The entry-level 2.0 TDI with front-wheel drive makes the Audi Q3 seem like excellent value when you line it up next to the Range Rover Evoque, but the Q3 is also a slightly less capable and appealing vehicle if you can’t afford the right options.

In entry-level Sport form, the Q3’s equipment roster is pretty decent.

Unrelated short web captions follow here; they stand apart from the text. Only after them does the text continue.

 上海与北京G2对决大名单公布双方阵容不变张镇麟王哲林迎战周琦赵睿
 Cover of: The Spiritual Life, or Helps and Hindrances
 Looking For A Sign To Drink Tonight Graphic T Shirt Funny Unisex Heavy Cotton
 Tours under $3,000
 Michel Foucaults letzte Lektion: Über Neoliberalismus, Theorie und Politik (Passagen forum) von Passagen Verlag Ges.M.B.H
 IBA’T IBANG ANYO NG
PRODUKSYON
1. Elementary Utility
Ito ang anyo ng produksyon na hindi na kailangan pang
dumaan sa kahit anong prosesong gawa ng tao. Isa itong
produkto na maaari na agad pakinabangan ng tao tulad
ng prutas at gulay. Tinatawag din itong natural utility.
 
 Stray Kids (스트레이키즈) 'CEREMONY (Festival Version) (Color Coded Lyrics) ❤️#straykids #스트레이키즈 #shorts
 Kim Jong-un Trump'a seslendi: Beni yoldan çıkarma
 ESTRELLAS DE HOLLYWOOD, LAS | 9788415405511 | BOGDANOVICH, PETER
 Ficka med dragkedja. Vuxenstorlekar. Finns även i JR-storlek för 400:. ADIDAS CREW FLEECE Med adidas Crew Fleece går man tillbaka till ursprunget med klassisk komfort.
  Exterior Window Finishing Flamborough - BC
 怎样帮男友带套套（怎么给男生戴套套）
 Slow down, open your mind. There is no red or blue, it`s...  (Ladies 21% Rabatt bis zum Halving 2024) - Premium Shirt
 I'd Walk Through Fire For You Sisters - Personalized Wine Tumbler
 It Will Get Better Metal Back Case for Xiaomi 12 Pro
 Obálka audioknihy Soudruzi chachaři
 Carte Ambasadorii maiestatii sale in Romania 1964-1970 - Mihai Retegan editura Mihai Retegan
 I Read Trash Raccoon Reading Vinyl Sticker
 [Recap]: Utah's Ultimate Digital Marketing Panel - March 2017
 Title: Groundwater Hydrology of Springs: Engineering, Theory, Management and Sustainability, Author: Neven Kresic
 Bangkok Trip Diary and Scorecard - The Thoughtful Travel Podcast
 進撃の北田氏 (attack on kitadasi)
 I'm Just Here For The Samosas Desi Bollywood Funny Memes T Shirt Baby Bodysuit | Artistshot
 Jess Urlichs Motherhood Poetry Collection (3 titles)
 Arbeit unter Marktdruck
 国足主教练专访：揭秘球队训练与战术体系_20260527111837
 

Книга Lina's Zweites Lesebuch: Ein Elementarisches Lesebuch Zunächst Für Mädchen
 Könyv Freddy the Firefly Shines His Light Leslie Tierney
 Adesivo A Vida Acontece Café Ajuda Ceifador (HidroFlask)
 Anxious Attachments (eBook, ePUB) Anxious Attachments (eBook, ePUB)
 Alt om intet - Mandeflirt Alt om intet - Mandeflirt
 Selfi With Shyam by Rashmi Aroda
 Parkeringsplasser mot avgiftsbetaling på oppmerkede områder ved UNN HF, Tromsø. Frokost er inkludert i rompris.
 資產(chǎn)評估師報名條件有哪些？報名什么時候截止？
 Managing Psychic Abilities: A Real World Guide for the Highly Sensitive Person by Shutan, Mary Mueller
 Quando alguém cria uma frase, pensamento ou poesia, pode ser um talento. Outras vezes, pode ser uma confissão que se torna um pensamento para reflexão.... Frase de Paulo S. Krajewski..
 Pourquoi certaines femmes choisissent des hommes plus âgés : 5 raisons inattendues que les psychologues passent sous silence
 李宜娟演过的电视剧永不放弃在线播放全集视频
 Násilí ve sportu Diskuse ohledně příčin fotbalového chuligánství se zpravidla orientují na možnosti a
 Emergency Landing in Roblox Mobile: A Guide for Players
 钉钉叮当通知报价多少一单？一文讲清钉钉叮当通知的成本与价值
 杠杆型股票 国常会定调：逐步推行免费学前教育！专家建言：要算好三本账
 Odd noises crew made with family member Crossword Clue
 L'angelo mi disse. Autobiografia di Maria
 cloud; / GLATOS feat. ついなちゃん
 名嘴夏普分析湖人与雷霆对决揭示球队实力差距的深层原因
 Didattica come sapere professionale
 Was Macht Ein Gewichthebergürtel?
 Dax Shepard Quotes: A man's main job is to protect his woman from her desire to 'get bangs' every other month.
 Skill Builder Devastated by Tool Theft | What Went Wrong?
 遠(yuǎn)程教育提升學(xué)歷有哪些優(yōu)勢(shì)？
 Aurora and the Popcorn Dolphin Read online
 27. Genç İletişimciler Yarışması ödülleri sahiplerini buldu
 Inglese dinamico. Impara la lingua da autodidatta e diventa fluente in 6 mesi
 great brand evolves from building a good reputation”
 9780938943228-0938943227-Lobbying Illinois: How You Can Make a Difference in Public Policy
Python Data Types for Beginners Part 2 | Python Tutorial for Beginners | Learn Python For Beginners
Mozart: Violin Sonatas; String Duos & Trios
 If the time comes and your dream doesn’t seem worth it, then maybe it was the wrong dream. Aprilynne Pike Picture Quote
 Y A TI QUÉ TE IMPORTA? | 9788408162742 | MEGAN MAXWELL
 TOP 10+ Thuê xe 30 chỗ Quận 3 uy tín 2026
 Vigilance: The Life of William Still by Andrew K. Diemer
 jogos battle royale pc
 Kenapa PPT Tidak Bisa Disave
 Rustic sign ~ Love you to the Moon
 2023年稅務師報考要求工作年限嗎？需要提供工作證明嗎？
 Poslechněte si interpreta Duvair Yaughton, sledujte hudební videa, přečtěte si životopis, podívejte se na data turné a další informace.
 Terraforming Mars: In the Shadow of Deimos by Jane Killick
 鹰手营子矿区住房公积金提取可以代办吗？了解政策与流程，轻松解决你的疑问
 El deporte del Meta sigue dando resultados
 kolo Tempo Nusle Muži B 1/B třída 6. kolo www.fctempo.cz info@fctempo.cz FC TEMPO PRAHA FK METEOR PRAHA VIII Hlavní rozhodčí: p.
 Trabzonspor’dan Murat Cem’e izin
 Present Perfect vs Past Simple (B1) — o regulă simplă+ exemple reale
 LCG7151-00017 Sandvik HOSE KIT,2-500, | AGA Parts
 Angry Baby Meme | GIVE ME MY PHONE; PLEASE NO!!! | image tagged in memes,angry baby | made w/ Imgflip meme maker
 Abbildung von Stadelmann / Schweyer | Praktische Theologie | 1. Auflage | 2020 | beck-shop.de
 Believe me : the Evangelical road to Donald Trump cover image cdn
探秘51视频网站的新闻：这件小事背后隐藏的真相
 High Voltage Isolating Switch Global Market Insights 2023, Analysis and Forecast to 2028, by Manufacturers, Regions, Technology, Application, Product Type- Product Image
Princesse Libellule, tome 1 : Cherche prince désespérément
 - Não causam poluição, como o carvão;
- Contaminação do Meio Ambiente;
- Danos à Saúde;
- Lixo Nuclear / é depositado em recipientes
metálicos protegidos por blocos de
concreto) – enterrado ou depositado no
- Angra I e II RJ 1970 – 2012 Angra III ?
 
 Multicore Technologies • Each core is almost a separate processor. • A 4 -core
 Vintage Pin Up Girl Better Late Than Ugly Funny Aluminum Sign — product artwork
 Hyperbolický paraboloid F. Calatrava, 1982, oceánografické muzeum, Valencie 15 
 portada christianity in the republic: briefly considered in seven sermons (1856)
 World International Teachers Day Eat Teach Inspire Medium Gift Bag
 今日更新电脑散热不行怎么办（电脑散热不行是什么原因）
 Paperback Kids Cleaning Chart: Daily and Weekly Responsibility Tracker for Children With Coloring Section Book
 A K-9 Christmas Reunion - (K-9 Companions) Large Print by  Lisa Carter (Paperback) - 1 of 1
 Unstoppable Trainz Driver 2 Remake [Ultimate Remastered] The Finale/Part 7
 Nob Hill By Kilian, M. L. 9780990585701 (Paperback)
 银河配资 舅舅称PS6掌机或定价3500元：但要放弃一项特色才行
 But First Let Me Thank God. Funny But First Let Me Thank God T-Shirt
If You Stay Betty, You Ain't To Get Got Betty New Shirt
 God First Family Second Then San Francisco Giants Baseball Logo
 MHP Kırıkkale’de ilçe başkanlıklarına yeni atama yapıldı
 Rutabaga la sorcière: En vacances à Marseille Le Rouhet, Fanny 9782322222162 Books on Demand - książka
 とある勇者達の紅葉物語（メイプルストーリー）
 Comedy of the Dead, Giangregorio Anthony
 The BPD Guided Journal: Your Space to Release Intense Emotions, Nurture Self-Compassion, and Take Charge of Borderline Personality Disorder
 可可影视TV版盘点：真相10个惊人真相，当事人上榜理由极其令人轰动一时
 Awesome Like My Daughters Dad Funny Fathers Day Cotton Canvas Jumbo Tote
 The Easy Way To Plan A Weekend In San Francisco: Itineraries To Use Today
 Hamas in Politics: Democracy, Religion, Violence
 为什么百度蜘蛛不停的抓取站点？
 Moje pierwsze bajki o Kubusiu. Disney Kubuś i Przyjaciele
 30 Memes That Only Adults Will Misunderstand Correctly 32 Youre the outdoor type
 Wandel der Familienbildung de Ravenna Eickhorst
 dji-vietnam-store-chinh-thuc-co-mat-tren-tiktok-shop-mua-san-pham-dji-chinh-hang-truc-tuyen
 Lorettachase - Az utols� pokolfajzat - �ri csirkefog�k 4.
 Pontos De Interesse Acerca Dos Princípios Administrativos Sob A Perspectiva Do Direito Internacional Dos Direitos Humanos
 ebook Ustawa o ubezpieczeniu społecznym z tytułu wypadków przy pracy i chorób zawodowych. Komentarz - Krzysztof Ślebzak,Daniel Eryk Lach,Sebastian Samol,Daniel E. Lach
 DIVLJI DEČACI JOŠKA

It has everything you might reasonably want, including a particularly useful sound system with extensive connectivity.

Fuel efficiency proved good, if not quite class leading

Fuel efficiency across the range proves good, if not quite class-leading, but if economy is your primary concern then the lower-powered TDI model is the one to go for. The petrols, meanwhile, record less enticing economy figures that are some way further down eco-friendly order.

Build quality and reliability is generally very good too, and Audi's dealers are typically attentive and offer a high standard of customer service.

Demand on the used market keeps used values keen, so choose the right engine, with the right specification, and you'll enjoy stronger residual values than the equivalent BMW X1.

VERDICT

Audi Q3 rear quarter

The increasingly popular compact SUV market seems ready-made for Audi’s covetable brand.

You could, admittedly, buy a very well-equipped Skoda Yeti for a similar price to an entry-level Q3, which may be more appealing to some buyers.

The Q3 is competent rather than seriously impressive

The trend-conscious customer base is likely to prove highly receptive to the super-slick product positioning that has become a cornerstone of Audi’s success, and which the Q3 represents, however.

If you're sold on Audi's premium-quality build and associated kudos, and want an SUV's raised ride height and over-hedge viewing facility, then the Q3 is the way to go.

It's a well honed car, one that effortlessly perpetuates a seamless experience of attainable upmarket packaging. But, separated from its aspirational starch, the new Q3 is commendably competent rather than seriously impressive.

Objectively, it earns few significant demerits, but there is a familiar sterility to the way the Audi Q3 drives. That it refuses to sparkle dynamically will hardly matter to most of its intended buyers, though. The Q3 is highly competent, refined, beautifully finished and tastefully styled.

Which, ultimately, is why Audi sold nearly 100,000 of them in 2012 alone.